What you should do:
Whatever precedes the line containing "exchange possibal all" is not copied; that line and every line after it through the final one below are copied exactly, except pictures.

───── Supplied information

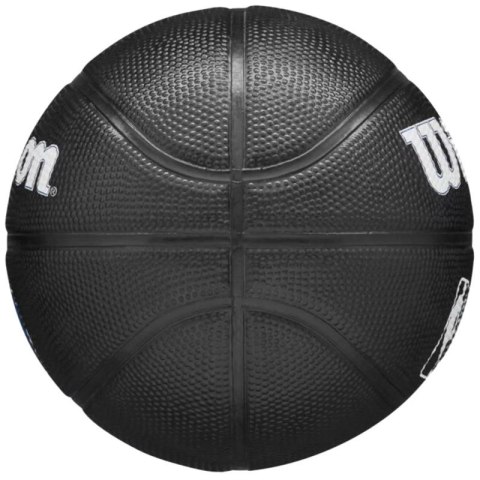Piłka do koszykówki Wilson Team Tribute Dallas Mavericks Mini Ball WZ4017609XB 3 Piłka do koszykówki Wilson Team Tribute Dallas Mavericks Mini Ball WZ4017609XB 3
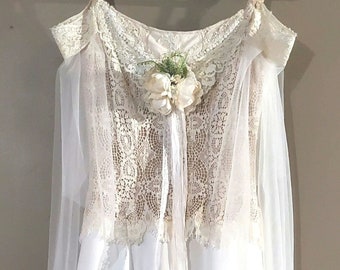 Elegante vestido de novia bohemio/vestido de encaje vintage y antiguo/vestido de novia alternativo/vestido victoriano/diseñado exclusivamente y hecho a mano.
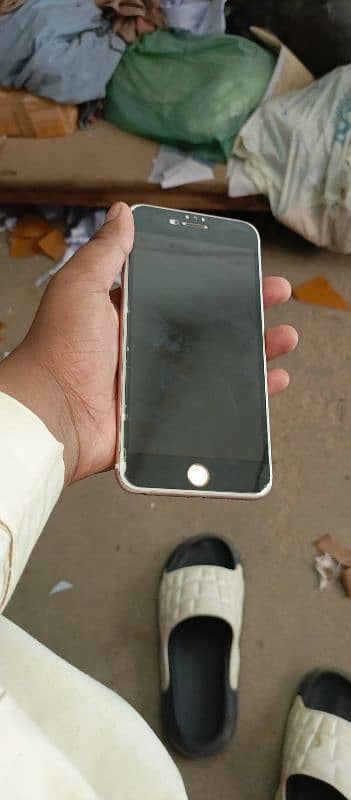 exchange possibal all ok 10by 10 conditions battery 73 128 GB non ptaa 0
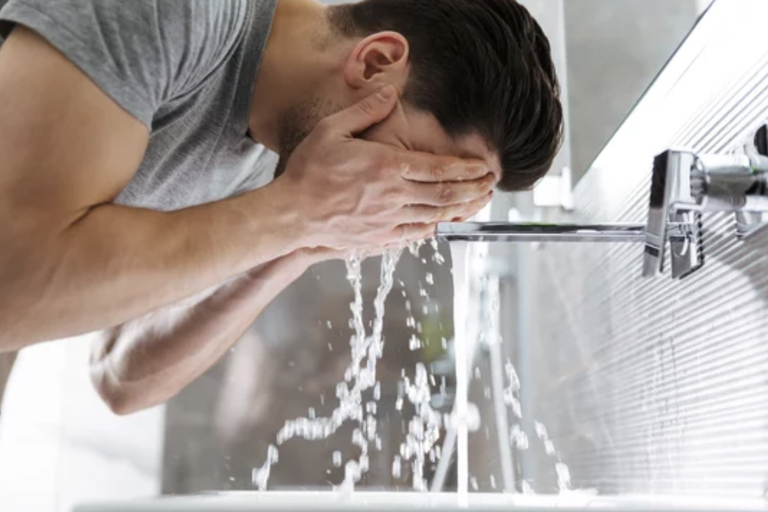Nam hay nữ đều cần tuân thủ bước chăm sóc da để bảo vệ da, đặc biệt là mùa nắng nóng. Ảnh: Health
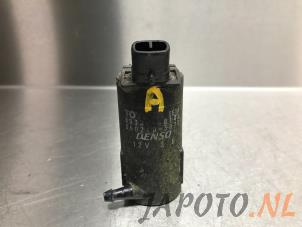 Gebruikte Ruitensproeierpomp achter Toyota RAV4 (A2) 2.0 16V VVT-i 4x4 Prijs € 20,95 Margeregeling aangeboden door Japoto Parts B.V.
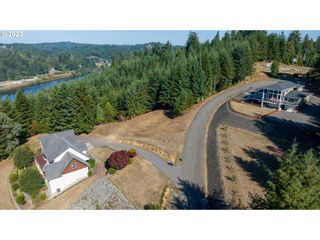 0 Silver Rd, Coos Bay, OR 97420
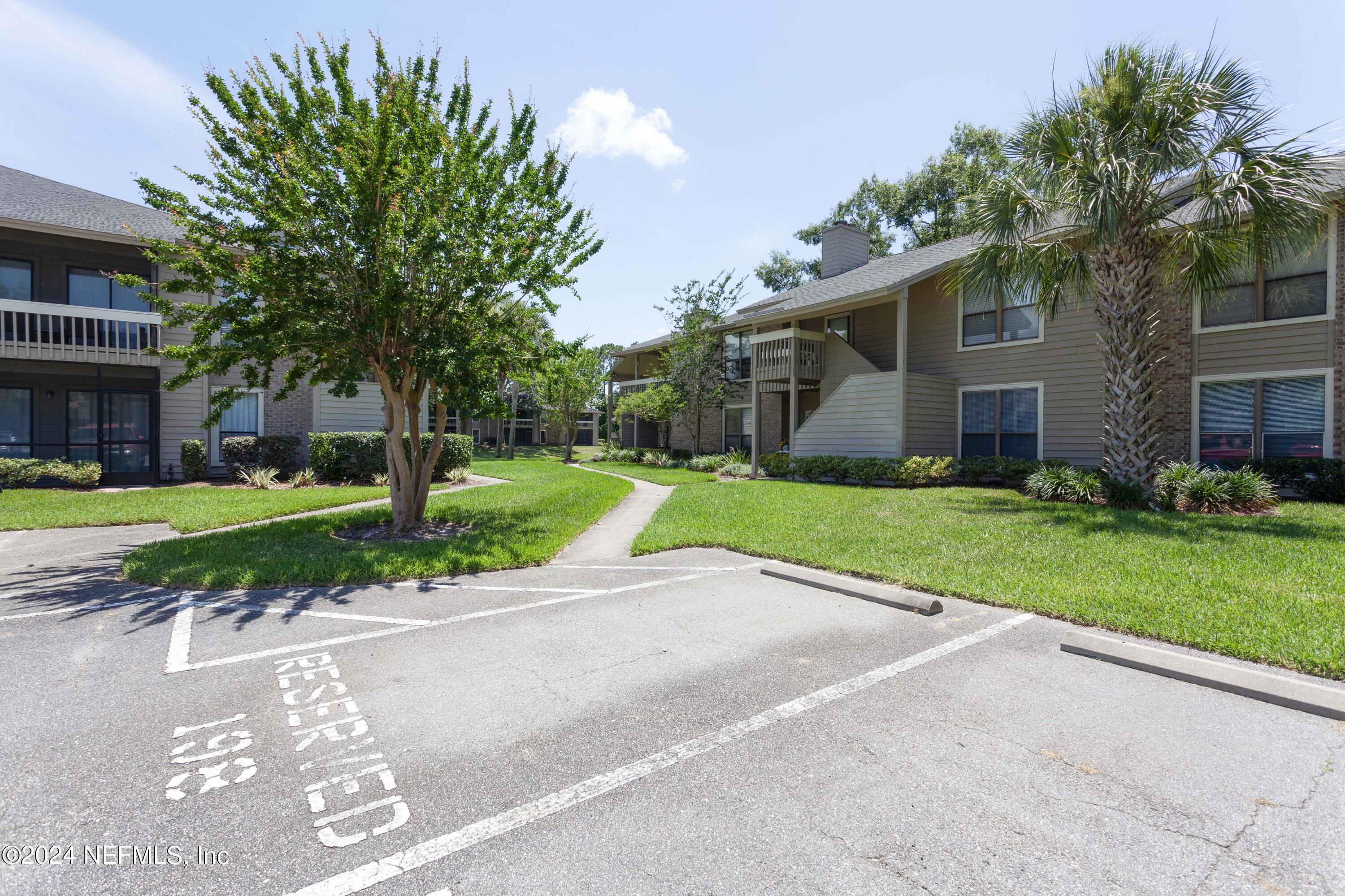 10200 BELLE RIVE Boulevard, 198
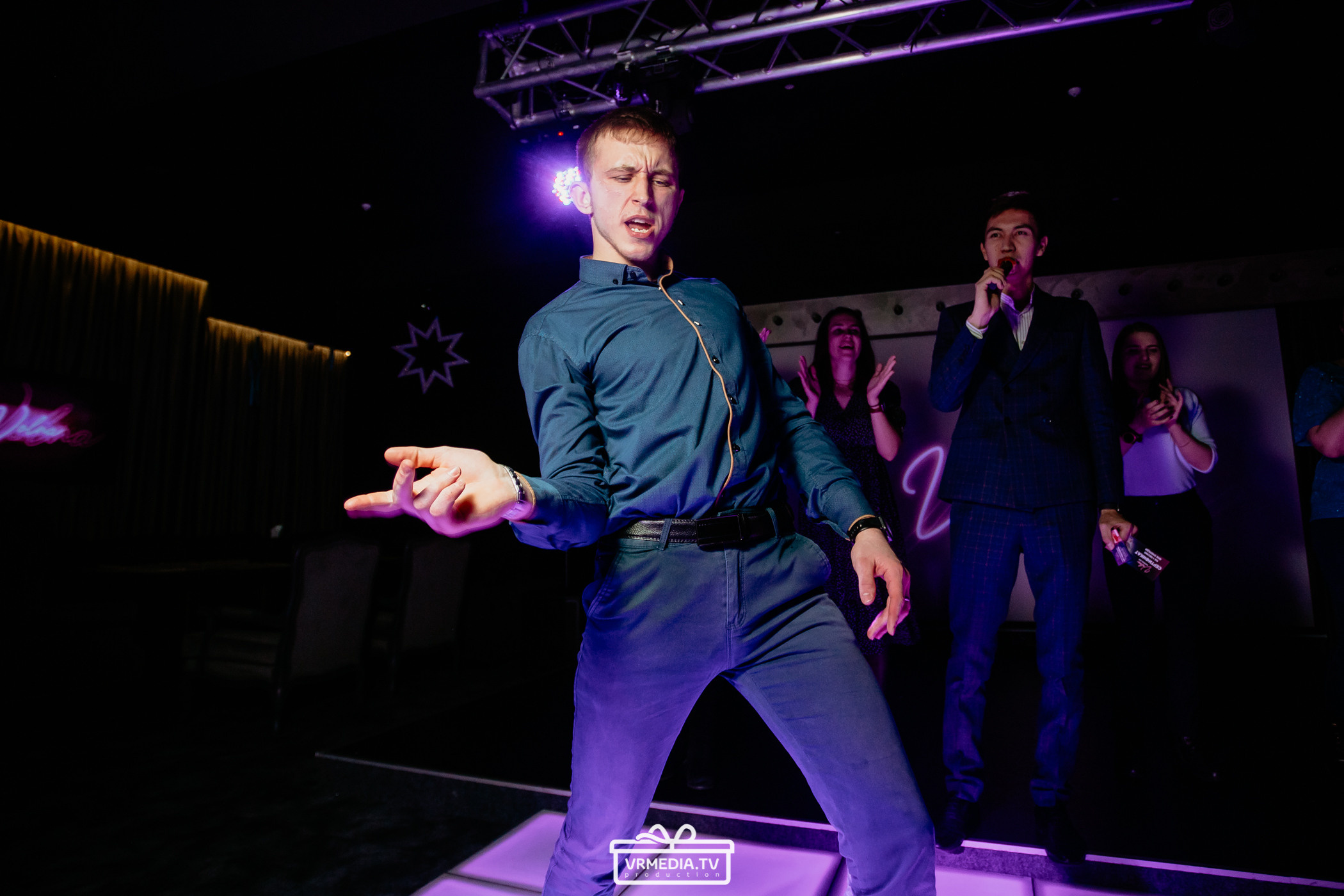 День рождения караоке «Volna»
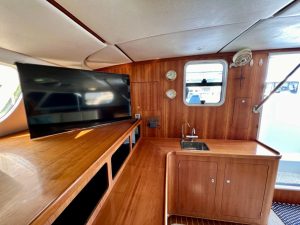 interior, PDQ 42 Antares, catamaran for sale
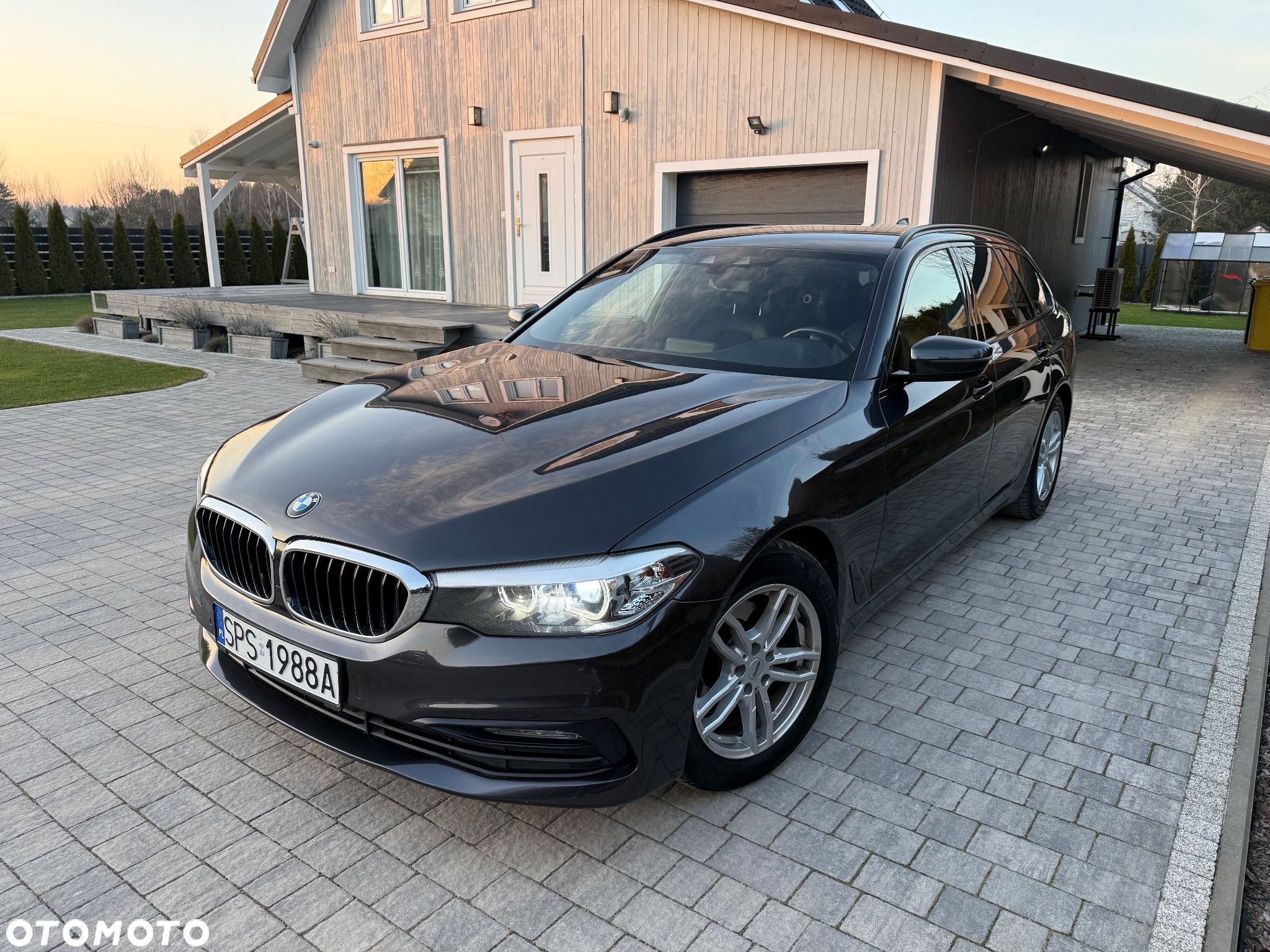BMW Seria 5 520d Sport Line - 1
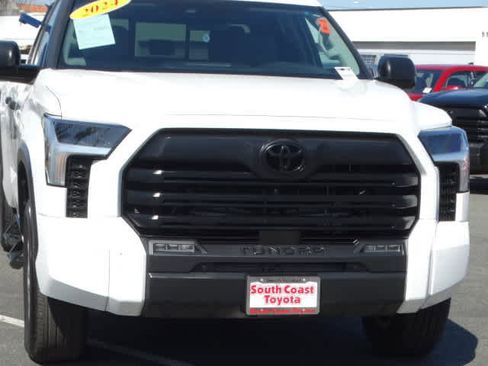 Used 2024 Toyota Tundra SR5 w/ SR5 Convenience Package image 4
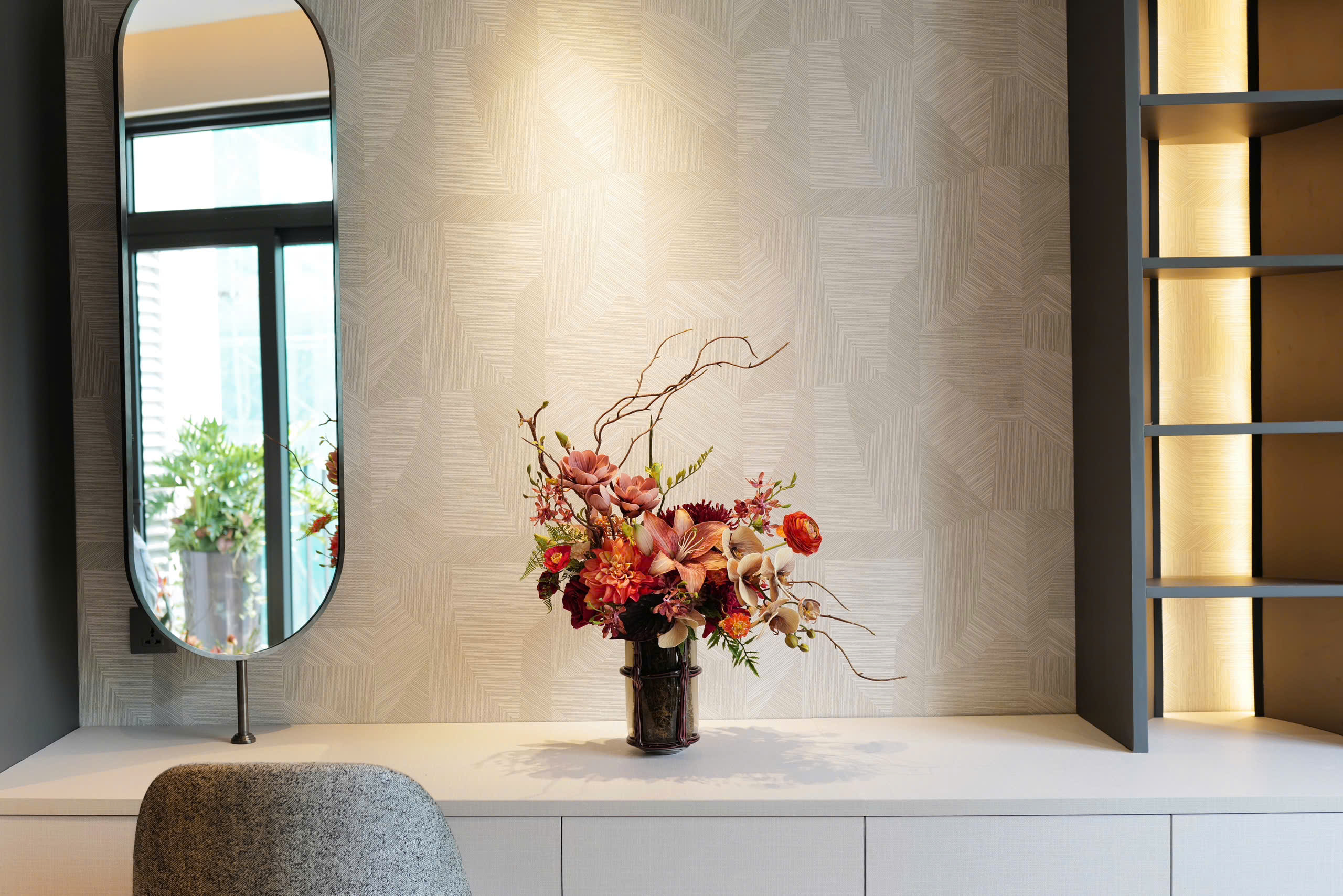 3 MẪU BÌNH HOA PHONG THUỶ GIÚP KHÔNG GIAN LUÔN TƯƠI MỚI VÀ VƯỢNG KHÍ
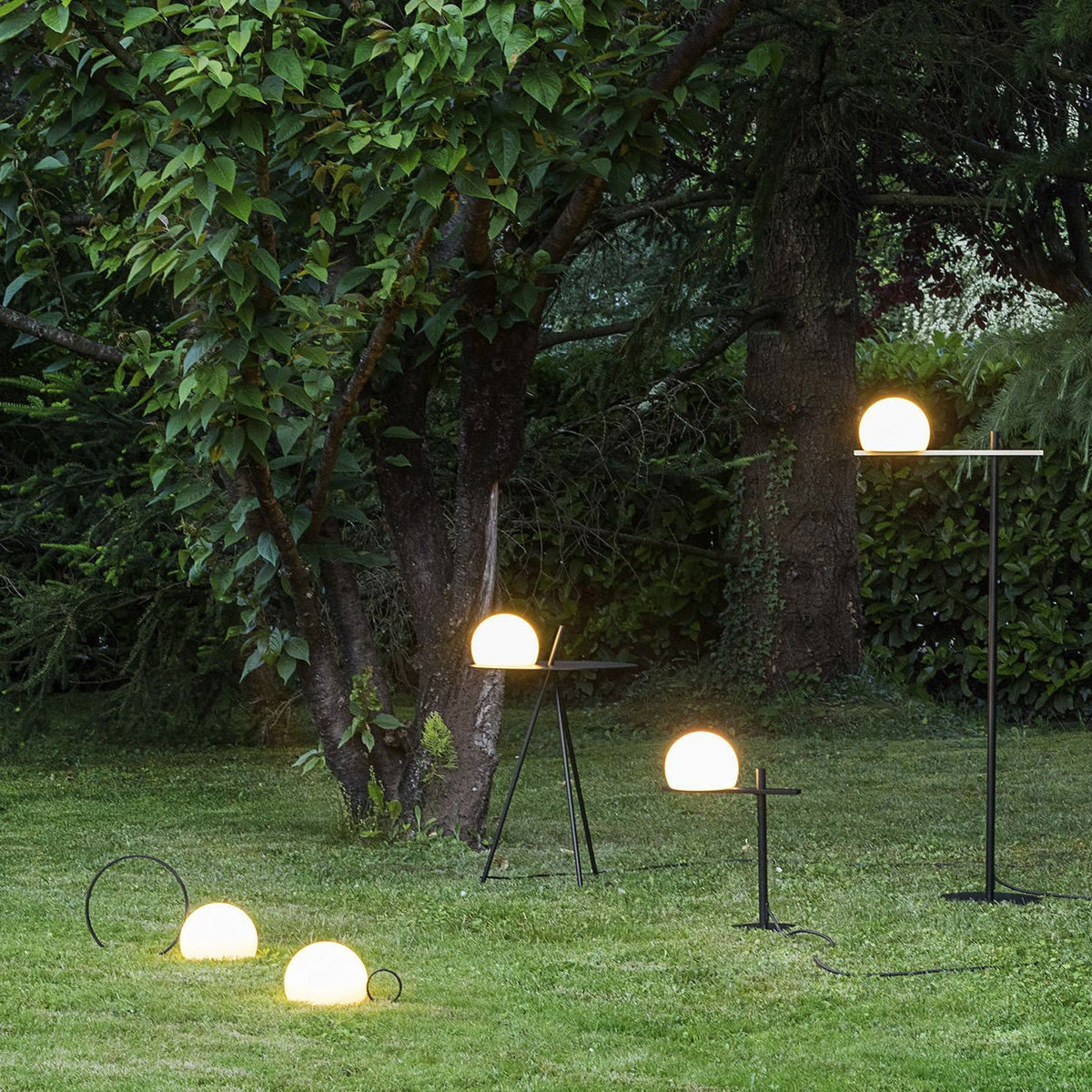 Soluna Tripod Outdoor Lamp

──────────

Exercise response:
 exchange possibal all ok 10by 10 conditions battery 73 128 GB non ptaa 0
Nam hay nữ đều cần tuân thủ bước chăm sóc da để bảo vệ da, đặc biệt là mùa nắng nóng. Ảnh: Health
 Gebruikte Ruitensproeierpomp achter Toyota RAV4 (A2) 2.0 16V VVT-i 4x4 Prijs € 20,95 Margeregeling aangeboden door Japoto Parts B.V.
 0 Silver Rd, Coos Bay, OR 97420
 10200 BELLE RIVE Boulevard, 198
 День рождения караоке «Volna»
 interior, PDQ 42 Antares, catamaran for sale
BMW Seria 5 520d Sport Line - 1
 Used 2024 Toyota Tundra SR5 w/ SR5 Convenience Package image 4
 3 MẪU BÌNH HOA PHONG THUỶ GIÚP KHÔNG GIAN LUÔN TƯƠI MỚI VÀ VƯỢNG KHÍ
 Soluna Tripod Outdoor Lamp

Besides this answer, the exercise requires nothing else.